So I propose to say a little about how we came to be such social oddities, the impact we believe it has on ourselves and others, and why acquiring a television would now seem like a very bizarre decision to us.

It all started when we moved house. Up till then we had hired a television, and watched the news, weather and current affairs, the occasional film, and so on. We also had a hired video recorder (remember them…?). When we came to move, we realized that we had recorded dozens of films over the last few years, many of them good, and yet never found the time to watch them. That led us to consider whether it was worth hiring either piece of kit in our new house. If we had such a backlog and had never found time to watch them, what was the point?

So we didn't bother, immediately after moving, just to see how we would get on without one. We have never looked back. I give that history to make it clear that we didn't give up TV because we were some kind of nutters. If anything, we have become more nutty since - if it is nutty to start to question the value of the television and the culture it helps to promote and perpetuate.

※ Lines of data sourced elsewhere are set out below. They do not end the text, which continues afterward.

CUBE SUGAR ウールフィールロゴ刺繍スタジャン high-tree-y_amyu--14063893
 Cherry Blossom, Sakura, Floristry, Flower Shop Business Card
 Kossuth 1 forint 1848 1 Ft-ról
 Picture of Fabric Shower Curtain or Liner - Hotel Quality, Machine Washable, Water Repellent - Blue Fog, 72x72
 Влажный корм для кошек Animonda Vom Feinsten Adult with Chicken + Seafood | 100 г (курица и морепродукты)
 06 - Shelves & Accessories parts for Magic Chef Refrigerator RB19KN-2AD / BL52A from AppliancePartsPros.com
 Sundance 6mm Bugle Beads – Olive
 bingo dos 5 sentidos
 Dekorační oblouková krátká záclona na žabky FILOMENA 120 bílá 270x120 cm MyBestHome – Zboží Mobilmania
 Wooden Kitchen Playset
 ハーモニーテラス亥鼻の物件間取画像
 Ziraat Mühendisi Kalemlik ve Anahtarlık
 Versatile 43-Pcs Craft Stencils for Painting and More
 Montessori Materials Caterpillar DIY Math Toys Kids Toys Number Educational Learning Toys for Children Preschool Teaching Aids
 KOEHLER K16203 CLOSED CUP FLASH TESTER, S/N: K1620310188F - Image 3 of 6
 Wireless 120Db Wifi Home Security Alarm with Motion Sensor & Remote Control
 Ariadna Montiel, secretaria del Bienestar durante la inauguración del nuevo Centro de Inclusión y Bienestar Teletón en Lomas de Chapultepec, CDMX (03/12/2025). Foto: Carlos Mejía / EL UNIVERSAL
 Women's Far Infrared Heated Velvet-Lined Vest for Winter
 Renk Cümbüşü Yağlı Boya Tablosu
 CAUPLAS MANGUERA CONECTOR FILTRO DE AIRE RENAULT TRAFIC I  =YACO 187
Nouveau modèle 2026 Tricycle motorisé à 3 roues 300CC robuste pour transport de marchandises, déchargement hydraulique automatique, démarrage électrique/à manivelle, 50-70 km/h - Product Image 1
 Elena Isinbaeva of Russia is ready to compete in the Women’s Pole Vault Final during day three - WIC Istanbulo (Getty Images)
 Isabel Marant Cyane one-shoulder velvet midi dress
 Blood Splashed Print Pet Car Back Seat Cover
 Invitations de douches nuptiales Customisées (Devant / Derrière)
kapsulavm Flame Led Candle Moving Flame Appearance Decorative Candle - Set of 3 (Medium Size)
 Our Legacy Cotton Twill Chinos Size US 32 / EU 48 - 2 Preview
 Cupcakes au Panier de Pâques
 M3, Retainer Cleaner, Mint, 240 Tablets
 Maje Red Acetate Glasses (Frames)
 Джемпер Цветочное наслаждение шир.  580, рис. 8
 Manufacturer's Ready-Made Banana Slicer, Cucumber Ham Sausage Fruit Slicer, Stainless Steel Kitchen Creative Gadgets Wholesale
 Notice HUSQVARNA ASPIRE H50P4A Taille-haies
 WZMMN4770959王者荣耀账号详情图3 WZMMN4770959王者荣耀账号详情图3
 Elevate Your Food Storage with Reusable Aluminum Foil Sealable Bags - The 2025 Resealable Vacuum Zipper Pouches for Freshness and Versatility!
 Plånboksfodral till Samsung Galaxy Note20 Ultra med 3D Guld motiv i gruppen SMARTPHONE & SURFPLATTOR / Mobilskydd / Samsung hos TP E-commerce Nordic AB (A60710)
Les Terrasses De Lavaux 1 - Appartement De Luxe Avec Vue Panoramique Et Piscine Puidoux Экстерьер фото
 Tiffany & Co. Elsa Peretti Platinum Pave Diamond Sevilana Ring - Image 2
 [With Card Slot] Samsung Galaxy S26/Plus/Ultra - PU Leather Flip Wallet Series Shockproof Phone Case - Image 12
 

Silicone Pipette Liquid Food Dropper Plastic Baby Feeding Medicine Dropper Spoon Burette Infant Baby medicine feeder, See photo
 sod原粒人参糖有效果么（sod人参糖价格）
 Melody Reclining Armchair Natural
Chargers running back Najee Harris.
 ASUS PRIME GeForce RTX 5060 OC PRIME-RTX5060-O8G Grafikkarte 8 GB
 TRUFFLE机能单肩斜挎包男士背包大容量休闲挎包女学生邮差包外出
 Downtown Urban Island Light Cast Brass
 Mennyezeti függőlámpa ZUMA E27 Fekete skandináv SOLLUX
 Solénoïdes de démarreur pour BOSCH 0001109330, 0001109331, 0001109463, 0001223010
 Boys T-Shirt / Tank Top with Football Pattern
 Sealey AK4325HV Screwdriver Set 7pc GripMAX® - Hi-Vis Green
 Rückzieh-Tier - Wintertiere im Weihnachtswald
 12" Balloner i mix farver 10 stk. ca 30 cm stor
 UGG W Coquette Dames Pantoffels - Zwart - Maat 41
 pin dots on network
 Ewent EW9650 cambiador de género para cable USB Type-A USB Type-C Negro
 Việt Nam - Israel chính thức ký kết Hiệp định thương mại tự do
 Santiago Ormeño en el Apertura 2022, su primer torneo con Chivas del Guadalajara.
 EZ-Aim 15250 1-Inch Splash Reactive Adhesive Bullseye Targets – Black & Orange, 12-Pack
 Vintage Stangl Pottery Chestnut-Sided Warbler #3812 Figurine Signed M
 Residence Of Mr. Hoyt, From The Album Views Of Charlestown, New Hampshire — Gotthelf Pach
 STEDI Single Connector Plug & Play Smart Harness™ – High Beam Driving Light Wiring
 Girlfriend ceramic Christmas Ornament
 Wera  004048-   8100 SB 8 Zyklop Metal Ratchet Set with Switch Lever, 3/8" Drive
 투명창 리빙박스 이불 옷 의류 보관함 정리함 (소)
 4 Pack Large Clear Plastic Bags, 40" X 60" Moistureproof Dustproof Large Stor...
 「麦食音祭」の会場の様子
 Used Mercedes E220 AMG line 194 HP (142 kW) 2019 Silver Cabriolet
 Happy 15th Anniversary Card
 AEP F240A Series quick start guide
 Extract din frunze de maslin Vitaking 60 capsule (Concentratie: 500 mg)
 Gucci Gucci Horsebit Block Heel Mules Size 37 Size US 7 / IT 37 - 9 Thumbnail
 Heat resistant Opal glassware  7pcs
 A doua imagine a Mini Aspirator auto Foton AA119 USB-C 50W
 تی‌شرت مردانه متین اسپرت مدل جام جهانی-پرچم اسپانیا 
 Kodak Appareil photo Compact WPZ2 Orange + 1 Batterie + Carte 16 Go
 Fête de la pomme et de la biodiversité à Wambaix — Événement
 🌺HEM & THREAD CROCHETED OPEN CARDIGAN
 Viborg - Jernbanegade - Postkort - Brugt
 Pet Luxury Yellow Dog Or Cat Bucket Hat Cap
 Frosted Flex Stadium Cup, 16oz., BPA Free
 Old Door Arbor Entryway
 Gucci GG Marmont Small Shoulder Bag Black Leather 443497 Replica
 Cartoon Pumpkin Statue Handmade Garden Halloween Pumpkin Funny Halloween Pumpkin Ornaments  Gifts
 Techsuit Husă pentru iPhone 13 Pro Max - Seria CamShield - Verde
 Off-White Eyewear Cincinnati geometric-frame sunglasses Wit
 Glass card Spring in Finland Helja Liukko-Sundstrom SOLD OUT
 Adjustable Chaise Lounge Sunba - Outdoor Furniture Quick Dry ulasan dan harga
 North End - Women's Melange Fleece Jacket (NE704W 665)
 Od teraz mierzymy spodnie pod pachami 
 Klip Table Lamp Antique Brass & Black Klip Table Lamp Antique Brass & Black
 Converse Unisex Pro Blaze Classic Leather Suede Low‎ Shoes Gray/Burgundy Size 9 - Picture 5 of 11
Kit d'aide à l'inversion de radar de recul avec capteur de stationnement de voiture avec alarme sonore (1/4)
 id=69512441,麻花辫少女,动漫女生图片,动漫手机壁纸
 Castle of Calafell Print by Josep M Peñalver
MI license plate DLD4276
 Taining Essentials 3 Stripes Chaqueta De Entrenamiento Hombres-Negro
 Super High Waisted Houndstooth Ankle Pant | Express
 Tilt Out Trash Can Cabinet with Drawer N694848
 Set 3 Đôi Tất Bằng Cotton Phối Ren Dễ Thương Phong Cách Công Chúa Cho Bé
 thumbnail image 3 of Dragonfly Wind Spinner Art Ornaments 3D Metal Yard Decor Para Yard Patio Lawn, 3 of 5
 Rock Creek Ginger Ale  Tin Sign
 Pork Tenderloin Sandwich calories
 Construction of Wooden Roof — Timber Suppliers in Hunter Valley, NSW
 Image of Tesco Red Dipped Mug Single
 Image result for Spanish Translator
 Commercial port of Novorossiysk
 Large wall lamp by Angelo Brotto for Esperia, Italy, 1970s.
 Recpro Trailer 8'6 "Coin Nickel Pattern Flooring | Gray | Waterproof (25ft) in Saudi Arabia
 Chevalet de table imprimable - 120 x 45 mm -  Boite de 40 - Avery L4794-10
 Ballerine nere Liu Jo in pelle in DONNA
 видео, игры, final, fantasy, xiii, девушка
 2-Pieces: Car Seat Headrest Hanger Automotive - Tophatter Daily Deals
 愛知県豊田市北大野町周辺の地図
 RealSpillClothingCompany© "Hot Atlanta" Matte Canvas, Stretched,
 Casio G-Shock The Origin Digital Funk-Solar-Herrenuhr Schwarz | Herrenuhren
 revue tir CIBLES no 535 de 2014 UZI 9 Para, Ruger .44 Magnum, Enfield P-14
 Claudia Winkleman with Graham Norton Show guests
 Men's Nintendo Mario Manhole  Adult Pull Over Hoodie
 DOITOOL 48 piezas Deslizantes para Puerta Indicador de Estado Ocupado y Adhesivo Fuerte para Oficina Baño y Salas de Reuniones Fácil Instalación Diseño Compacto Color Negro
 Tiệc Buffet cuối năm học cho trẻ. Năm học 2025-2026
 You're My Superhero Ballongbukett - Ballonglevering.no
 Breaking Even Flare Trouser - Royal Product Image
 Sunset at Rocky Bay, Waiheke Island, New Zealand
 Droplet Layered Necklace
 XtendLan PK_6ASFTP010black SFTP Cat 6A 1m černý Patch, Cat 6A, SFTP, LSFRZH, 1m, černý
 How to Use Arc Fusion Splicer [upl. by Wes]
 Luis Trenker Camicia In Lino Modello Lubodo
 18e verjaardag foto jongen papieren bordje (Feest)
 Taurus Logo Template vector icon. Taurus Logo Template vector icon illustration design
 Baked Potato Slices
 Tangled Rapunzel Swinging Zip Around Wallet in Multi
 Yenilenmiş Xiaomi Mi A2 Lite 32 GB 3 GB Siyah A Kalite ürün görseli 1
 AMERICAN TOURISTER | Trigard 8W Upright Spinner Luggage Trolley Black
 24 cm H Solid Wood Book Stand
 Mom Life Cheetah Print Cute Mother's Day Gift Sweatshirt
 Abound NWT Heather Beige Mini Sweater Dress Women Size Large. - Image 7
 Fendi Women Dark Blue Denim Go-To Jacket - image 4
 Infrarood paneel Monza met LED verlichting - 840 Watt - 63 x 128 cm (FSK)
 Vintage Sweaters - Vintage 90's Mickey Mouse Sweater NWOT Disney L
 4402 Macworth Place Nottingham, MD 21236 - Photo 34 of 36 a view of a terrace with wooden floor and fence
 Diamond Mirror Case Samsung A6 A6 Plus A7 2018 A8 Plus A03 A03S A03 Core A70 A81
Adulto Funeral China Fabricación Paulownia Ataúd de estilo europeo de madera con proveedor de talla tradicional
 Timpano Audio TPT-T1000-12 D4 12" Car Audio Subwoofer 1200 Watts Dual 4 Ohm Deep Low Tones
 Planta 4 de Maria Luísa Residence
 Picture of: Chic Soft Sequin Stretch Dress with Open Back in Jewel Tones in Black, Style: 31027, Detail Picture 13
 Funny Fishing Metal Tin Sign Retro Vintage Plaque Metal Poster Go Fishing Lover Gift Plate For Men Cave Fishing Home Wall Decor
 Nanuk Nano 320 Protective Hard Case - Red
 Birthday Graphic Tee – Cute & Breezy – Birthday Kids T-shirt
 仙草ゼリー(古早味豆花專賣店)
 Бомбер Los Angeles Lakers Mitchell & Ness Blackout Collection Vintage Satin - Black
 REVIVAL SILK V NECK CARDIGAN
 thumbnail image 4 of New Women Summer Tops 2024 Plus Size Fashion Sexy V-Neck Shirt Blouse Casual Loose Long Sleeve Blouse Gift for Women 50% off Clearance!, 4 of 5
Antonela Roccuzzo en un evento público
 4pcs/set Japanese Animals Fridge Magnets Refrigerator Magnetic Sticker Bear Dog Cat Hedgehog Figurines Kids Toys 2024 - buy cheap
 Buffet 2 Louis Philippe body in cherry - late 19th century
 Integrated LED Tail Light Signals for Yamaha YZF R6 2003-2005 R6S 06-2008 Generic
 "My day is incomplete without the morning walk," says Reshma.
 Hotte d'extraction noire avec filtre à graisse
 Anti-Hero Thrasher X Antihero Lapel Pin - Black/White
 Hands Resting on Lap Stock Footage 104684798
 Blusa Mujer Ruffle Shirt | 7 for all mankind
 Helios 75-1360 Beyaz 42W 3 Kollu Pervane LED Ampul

Our four children are not the social pariahs everyone warned us they would be if denied this most fundamental human right. On the contrary, because they have learned from an early age to entertain themselves and play with each other, to read books and create imaginary worlds, and so on, they are very popular with their peers. They make good play fellows and intelligent conversationalists. Friends love coming to our house because there is always something going on: dressing up and producing a show, making music, playing a game…

We do not restrict them from TV altogether - they watch at their gran's and at friends' houses. Moreover, we get DVDs of films that they will enjoy from the library and play them on the computer.

As for how we fill our time, I find there are never enough hours in the day anyway - how people would fit in watching TV is a total mystery to me (especially when I consider the number who tell me they can't find the time for prayer or even exercise…)

It's certainly true that we miss some aspects of TV - my wife loves films and I would like to watch sport, but the perspective of fifteen years without a TV makes me convinced that we are better off without one.

For example: we are not de-sensitised by the relentless barage of high-impact visual images that TV thrives on - when our kids go to a film at the cinema, they laugh or cry or shriek, while most other kids sit there looking comotose; we are not playing host to other peoples' values or need to 'push back the boundaries;' we sit down to meals together and talk to each other; we help each other with homework and chores; we play together; we make music together; we pray together.

If you ask our kids whether they'd like to have a TV, you'd get a split vote. The younger two would say yes, the older two no. I'm guessing that the younger two will decide we are right, too, as they mature a bit.

Above all, my wife and I are striving to bring our children up to dare to be different from the culture in which we live. We try to do that by making their lives more fun, more stimulating and more challenging than their friends'. And having no television is a fantastic starting point for that project.